When a show or book series don’t have a solid engine under the hood, they can sometimes appear to be flailing around or coasting on fumes. True Blood, as much as I love it, suffers from this.

I just read Selena Kitt’s wonderfully sexy The Sybian Club and I couldn’t help but think about what a seriously great engine she has in her hands (or between her thighs, in this case). A woman wants to buy a sybian, an expensive saddle vibrator infamous for mind-melting orgasms and comes up with a scheme to rent time on the machine to her friends and associates as a way of paying it off. Sexy times result. It’s a brilliant device and an incredibly sexy read. (Seriously y’all, go buy it.)

When I started my Reluctant Succubus series it was with a few goals in mind:

a) Tackle the challenge of writing a serialized novel, making each part itself a complete and erotic story that adds up to a greater whole.

b) Write the succubus novel that I’ve always wanted to read.

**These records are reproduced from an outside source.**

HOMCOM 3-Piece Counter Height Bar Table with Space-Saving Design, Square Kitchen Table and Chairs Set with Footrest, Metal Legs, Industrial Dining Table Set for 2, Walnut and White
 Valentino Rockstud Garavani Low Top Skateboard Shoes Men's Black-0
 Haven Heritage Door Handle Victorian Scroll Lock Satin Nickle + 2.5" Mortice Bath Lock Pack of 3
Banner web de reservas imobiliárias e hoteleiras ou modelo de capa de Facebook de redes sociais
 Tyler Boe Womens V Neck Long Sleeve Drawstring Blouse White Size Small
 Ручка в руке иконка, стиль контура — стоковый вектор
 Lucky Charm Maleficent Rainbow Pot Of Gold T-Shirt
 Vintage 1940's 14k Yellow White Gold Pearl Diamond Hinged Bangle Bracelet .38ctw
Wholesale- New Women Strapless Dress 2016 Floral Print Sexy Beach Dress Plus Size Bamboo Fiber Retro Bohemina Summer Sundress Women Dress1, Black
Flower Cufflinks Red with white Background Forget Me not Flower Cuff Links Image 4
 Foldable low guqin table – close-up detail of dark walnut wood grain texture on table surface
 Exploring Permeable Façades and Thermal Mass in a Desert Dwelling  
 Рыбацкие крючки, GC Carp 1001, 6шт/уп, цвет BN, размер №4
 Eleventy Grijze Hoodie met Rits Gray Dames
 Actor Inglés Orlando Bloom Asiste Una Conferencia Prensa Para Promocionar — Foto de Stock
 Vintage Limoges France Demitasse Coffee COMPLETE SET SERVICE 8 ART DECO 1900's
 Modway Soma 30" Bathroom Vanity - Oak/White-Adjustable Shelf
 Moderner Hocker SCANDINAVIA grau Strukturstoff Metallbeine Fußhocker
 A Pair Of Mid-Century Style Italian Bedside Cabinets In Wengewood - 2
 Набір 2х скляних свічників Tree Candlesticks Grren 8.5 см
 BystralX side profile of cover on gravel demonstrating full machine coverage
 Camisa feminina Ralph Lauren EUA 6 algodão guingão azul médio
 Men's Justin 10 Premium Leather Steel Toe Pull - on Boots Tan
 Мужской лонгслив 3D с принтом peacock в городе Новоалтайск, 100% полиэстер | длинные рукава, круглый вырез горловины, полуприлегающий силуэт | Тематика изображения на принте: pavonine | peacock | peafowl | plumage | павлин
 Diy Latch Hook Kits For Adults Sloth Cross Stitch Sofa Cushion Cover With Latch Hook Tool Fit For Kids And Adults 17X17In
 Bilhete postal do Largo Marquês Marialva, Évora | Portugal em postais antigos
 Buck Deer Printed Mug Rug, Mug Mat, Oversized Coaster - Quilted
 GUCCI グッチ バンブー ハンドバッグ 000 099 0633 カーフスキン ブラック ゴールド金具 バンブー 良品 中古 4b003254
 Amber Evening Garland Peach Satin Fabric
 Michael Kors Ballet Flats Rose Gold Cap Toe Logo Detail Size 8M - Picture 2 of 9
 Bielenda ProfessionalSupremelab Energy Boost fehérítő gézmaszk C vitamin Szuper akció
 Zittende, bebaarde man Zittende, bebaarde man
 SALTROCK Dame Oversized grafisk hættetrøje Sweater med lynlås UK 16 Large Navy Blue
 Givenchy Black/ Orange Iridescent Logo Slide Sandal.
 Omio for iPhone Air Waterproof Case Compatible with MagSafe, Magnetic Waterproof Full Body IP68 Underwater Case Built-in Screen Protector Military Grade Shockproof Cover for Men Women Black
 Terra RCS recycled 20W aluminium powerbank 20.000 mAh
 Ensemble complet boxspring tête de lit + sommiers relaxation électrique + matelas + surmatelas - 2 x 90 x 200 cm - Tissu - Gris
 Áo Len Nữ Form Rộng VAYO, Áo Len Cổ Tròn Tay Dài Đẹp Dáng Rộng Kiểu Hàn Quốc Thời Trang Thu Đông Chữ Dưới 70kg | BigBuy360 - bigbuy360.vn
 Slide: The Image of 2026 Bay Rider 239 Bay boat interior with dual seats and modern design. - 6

c) Create a storytelling engine that would give me a reasonable and logical narrative device so that my main character, Sarah Mayhew, could indulge in crazy hot sex whenever the story called for it.

d) Have fun.

The engine was important to me though. There’s nothing more off-putting in erotica than a sex scene shoe-horned in just to meet some imagined quota. The sex needs to flows naturally from character and plot motivations AND it needs to do all the things in erotica that an action scene would in other stories: sex scenes need to reveal character, they need to move the plot, they need to bring resolution BEFORE emotional resolution (or ideally at the same time).

My Billionaire Blackmail story begins with my Ghostwriter sleeping with the billionaire Logan Grant in an attempt to get information, to build trust, and also just to bed him because she’s physically attracted. But as the story continues the blackmail itself becomes the engine for the erotic encounters.

My upcoming novel–featuring a dominatrix who gets caught between a werewolf pack and a predatory succubus–has a main character who is literally a sex worker and who ends up with abilities that can only be harnessed with sexual energy.

When you’re writing your erotica, it’s worth keeping in mind the need for a solid engine to drive the story. If you get the mixture just right, the stories will write themselves.